***** Listed entries
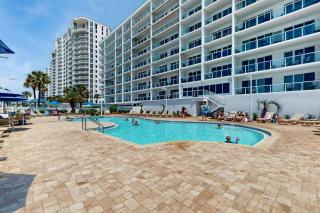 Relaxing gulf-view condo with pool fitness room & beach access - 8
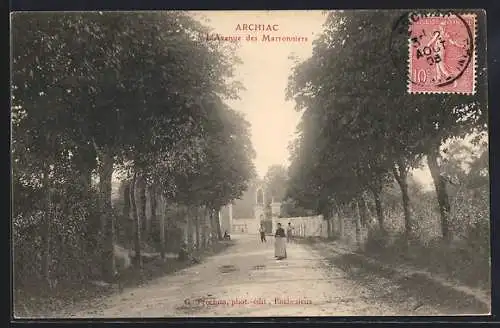 AK Archiac, L`Avenue des Marronniers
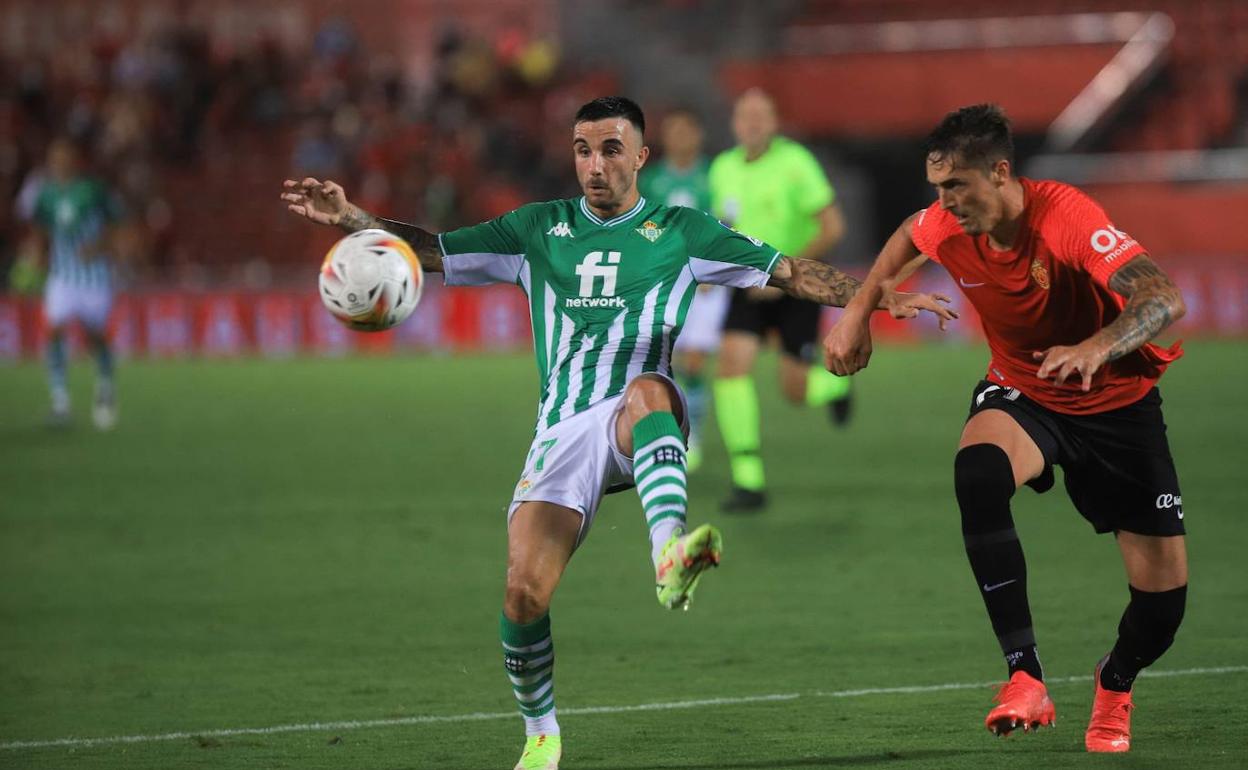 El emeritense Rober González intenta controlar un balón ante la presión de un jugador del Mallorca. 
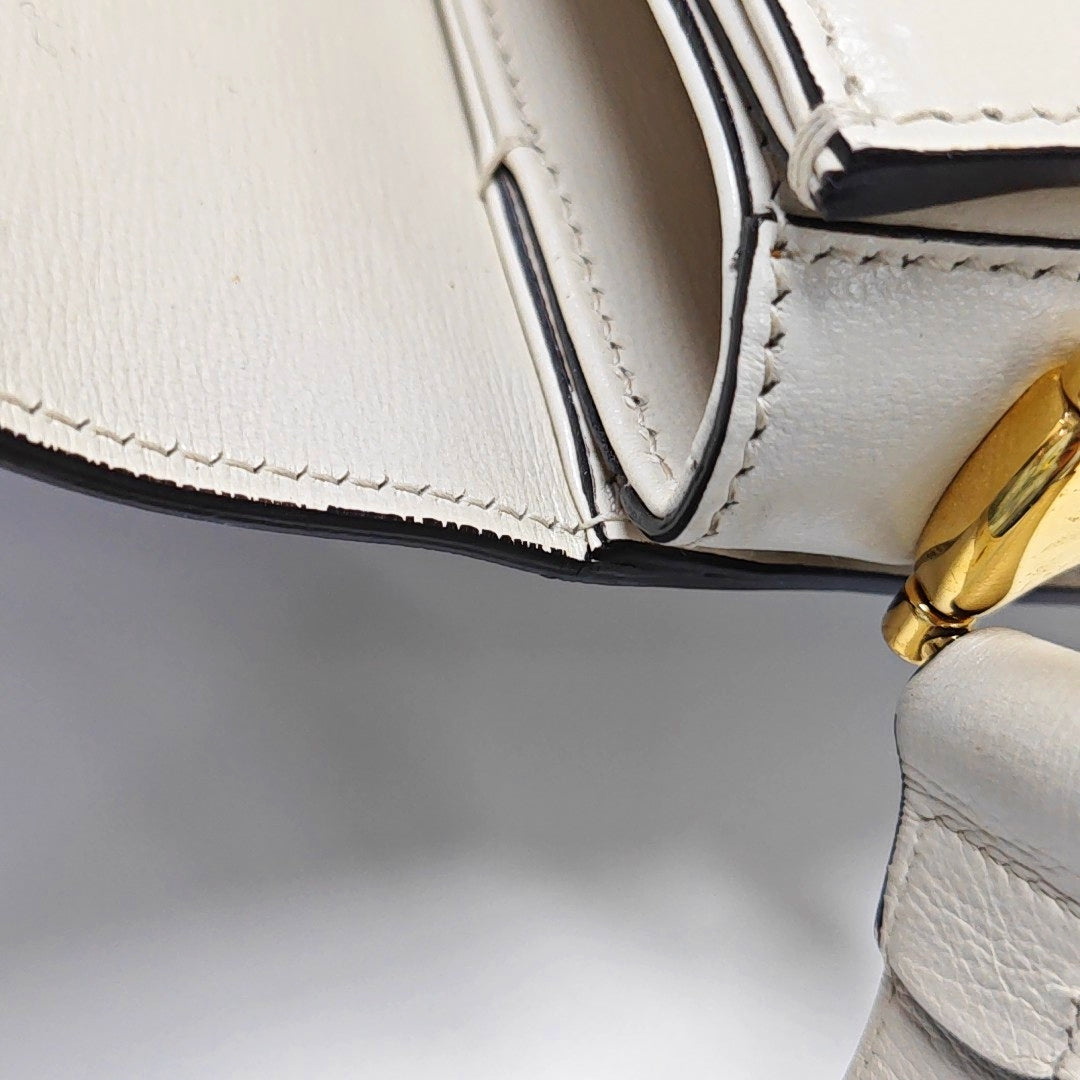 Authenticated pre-owned  Horsebit 1955 Small Calfskin White - Shoulder Bag at Looply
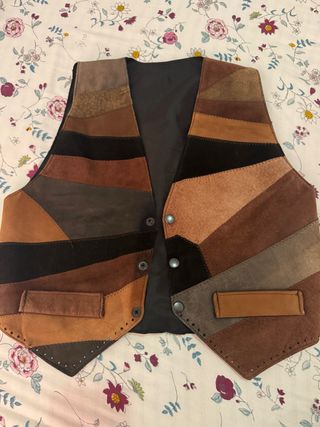 Chaleco patchwork cuero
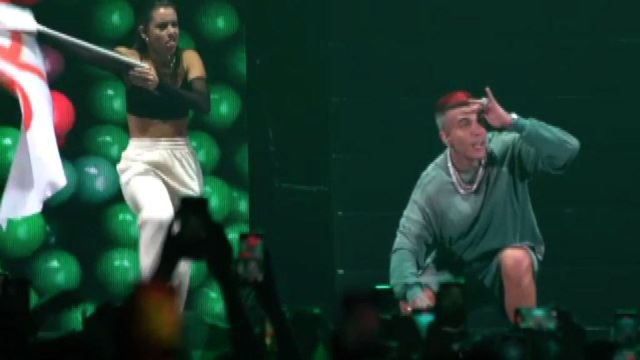 Fan in delirio a Milano per il Famoso tour di Sfera Ebbasta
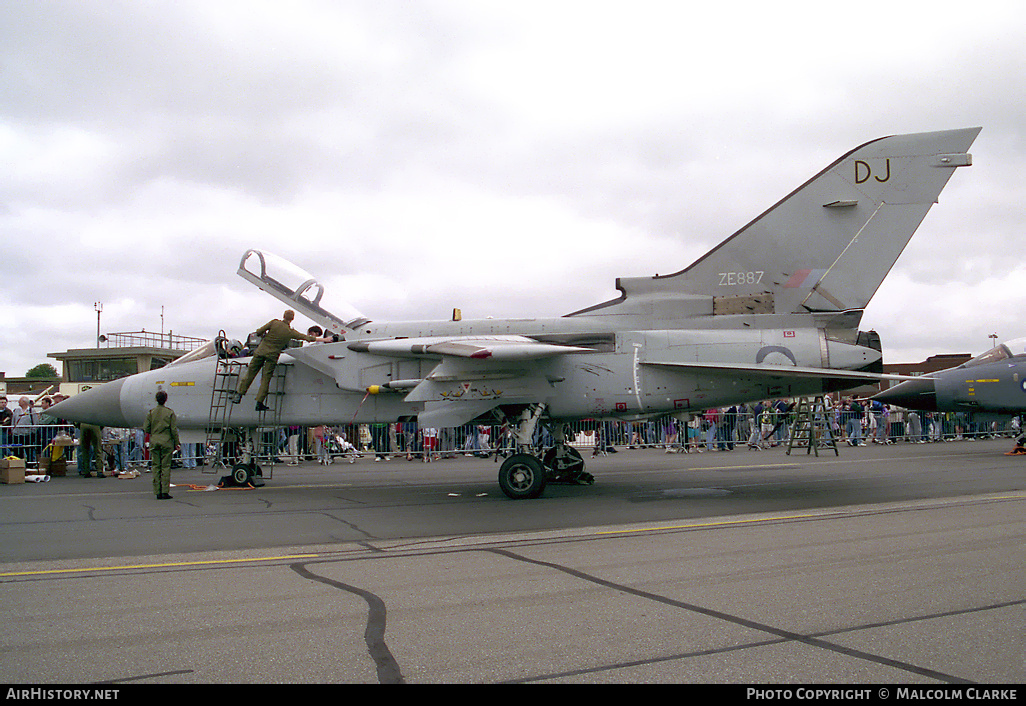 Aircraft Photo of ZE887 | Panavia Tornado F3 | UK - Air Force | AirHistory.net #113593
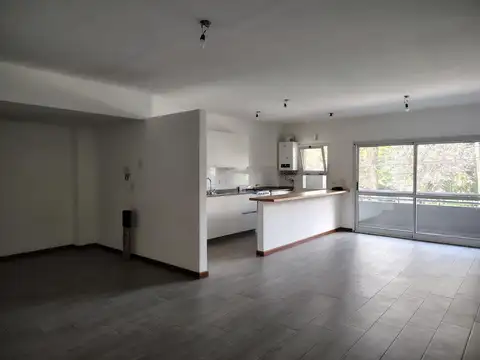 Departamento muy buen acceso 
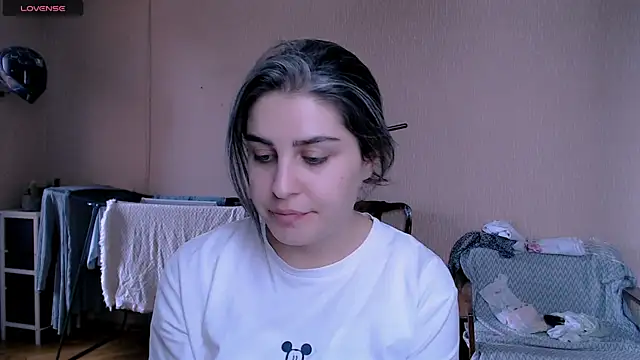 Snapshot of _Roselina_ chatting on September 27, 11:37 am Roselina online show from September 27, 11:37 am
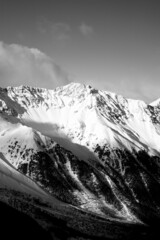 Snowy peaks BW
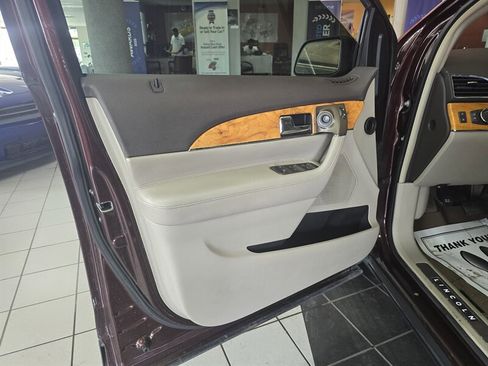 Used 2012 Lincoln MKX AWD image 7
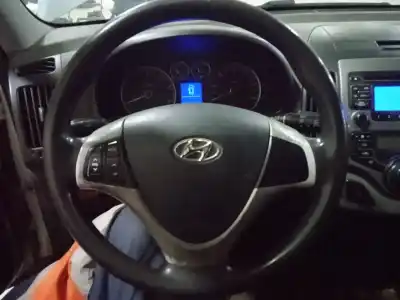 Sloopvoertuig hyundai i30 (gd) classic van het jaar 2008 aangedreven d4fb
**********
▸ **Exercise aim**:
Pictures are to be dropped; the lines from the start of the entries above through the line with "Used 2012 Lincoln MKX AWD image 7" are to be given again verbatim.

▸ **Response for this exercise**:
 Relaxing gulf-view condo with pool fitness room & beach access - 8
 AK Archiac, L`Avenue des Marronniers
 El emeritense Rober González intenta controlar un balón ante la presión de un jugador del Mallorca. 
 Authenticated pre-owned  Horsebit 1955 Small Calfskin White - Shoulder Bag at Looply
 Chaleco patchwork cuero
 Fan in delirio a Milano per il Famoso tour di Sfera Ebbasta
 Aircraft Photo of ZE887 | Panavia Tornado F3 | UK - Air Force | AirHistory.net #113593
 Departamento muy buen acceso 
 Snapshot of _Roselina_ chatting on September 27, 11:37 am Roselina online show from September 27, 11:37 am
 Snowy peaks BW
 Used 2012 Lincoln MKX AWD image 7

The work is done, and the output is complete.